In May 11, two front page stories appeared in the Wall Street Journal and the Washington Post – one ominous sign for any industry – that tell it all:

Journal: "Gloom and Doom/New Rules, Demands Put Dangerous Strain on Electric Supply/Partial Deregulation Breeds Confusion in Industry; Summer Shortage Feared."

Post: "Utilities Secretly Lobbied Congress/Electric Firms Gave Millions to Left and Right to Halt Deregulation."

We sleuths are left to muddle over two theories regarding these articles:

(1) Perhaps they are causally linked, i.e. the cause of the first is, in significant measure, the reason the events described in the second article are happening; or

(2) Perhaps they are tactically linked, i.e. the persons responsible for the events described in the second article are responsible for the placement of the first article.

In any case, the highpoints of the articles are worth mulling, at the stratospheric heights level of the economy and the power brokers (old style), so we can appropriately assess the reported efforts of the more Lilliputian players on the inside-the-beltway stage: the Congress, the FERC, the Energy Department.

Now is the summer of our discontent: the forecast is brownouts. The accused (per the Journal): deregulation. Instead of competition and efficiency, it has provided confusion. It has yielded us "a national electric system that is vulnerable to disruptions caused by equipment breakdowns and human error as newly established regional grid operators assume responsibility for more much larger areas than those formerly overseen by individual local utilities . . .. The incomplete nature of deregulation has produced planning paralysis that could have long term consequences."

One result: major transmission-constrained islands like San Diego, in which generators seek higher prices since they can’t sell outside of them, and from outside to which power cannot be imported except at high prices. Also fortress islands, like Florida, where monopolists have fought off deregulation and outside merchant plant suppliers despite looming shortages.

Segue to the Post article, which discloses that some of the nation’s largest electric utilities have secretly funneled millions of dollars through two front groups – one headed by leading conservatives and the other affiliated with unions – to stop Congress from deregulating their industry. They believed "using seemingly independent surrogates made their case more believable and shielded them from political risk." The goals of the program were to bottleneck legislation, demonize federal utility regulators and use debates about nuclear power as a provocative wedge issue.

Against this background, it’s hard to take seriously the struttings and posing on the public stage of "officials." Secretary Richardson of DOE has been barnstorming the country warning of shortages and proposing that FERC take the lead, stripping some powers over the transmission of power from state legislators. (Message: it will be the Republican’s Congress’ fault not the Democratic Administration’s when the foreseeable happens.
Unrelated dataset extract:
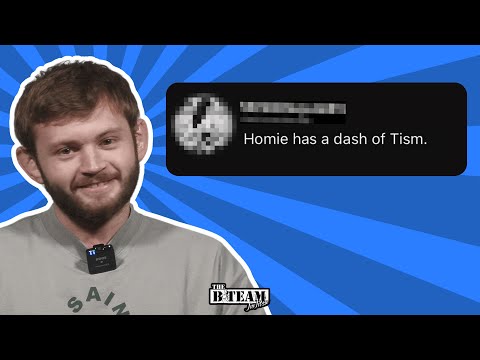 B-Team React to Really, REALLY Mean Comments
Comes then at the technical level, the new Rambo: the FERC. Evidently stung by a contrast to his more muscularly "dirigist" colleague Massey, Chairman Hoecker has now observed that FERC may have to "find the guts" to come down harder on transmission-owning utilities to form optimal regional transmission organizations. At least he’s got the problem right: "When I look at existing ISO’s and the early formulation of new RTO’s pursuant to [Order 2000], I see fortresses, gerrymanderers, and Swiss cheese . . . illogical agglomerations of territories and arrangements that may actually act to disrupt markets."
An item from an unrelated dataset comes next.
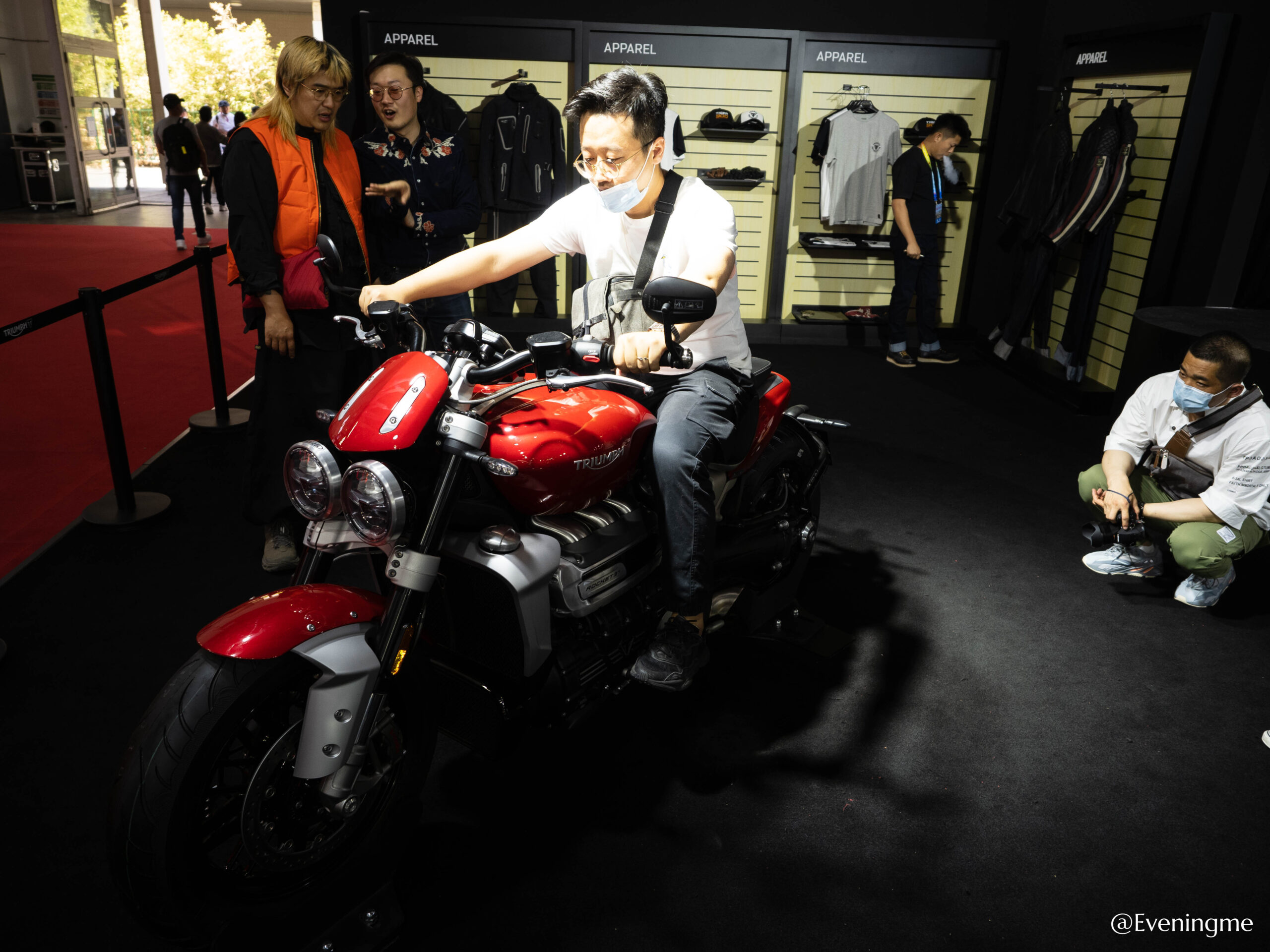 聊聊2021北京摩托车展的体会插图16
But the newly T-patched Chairman forgets one thing: the reason for the tepid nature of Order No. 2000 is that it was never clear legally that FERC could act as a kind of uber-regulator. Which leads to the fact (again presumably unrelated to the Post article) that the Edison Electric Institute has filed a legal challenge in the D.C. Circuit to FERC Order No. 2000, charging that the Federal Power Act forbids FERC to grant RTO’s the exclusive right to set rates, terms and conditions of transmission service, on the grounds that it breaks the connection between setting costs and determining cost recovery. Or, to put the matter in business peak: to provide sufficient recovery to incentivize needed transmission investments.
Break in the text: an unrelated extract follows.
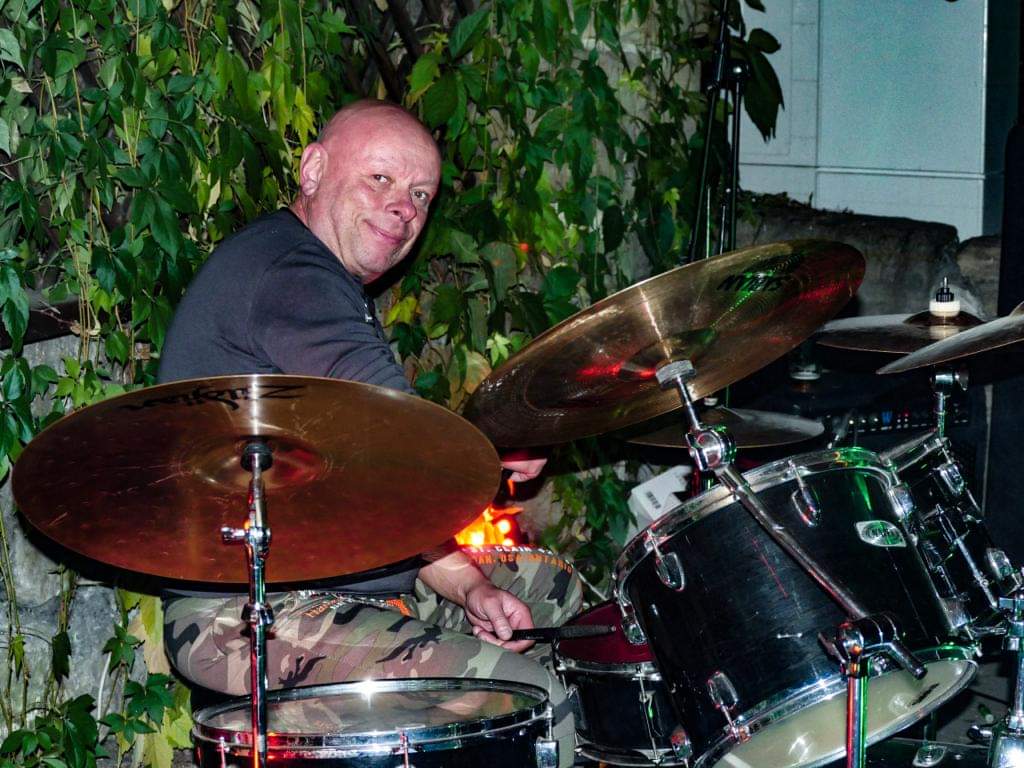 Matto, Drums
Fortunately, our Congress is on the job, making sure a disconnect (no pun intended, of course) will not happen. Senator Murkowski – bolting ahead of the House Committee (the former staffer for which is now heading the utility effort documented in the Post) – has a "spreadsheet" highlighting differences and similarities of the eight bills circulating in his committee – other than his own – and has proceeded to the hearings stage. Remarkably, he predicts there may only be agreement on reliability. Doggedly, he continues to seek a comprehensive bill, on which there is no consensus. At the least, he has earned an honorary Brooklyn Dodger Fan Club membership. ("Wait ‘till next year. . .").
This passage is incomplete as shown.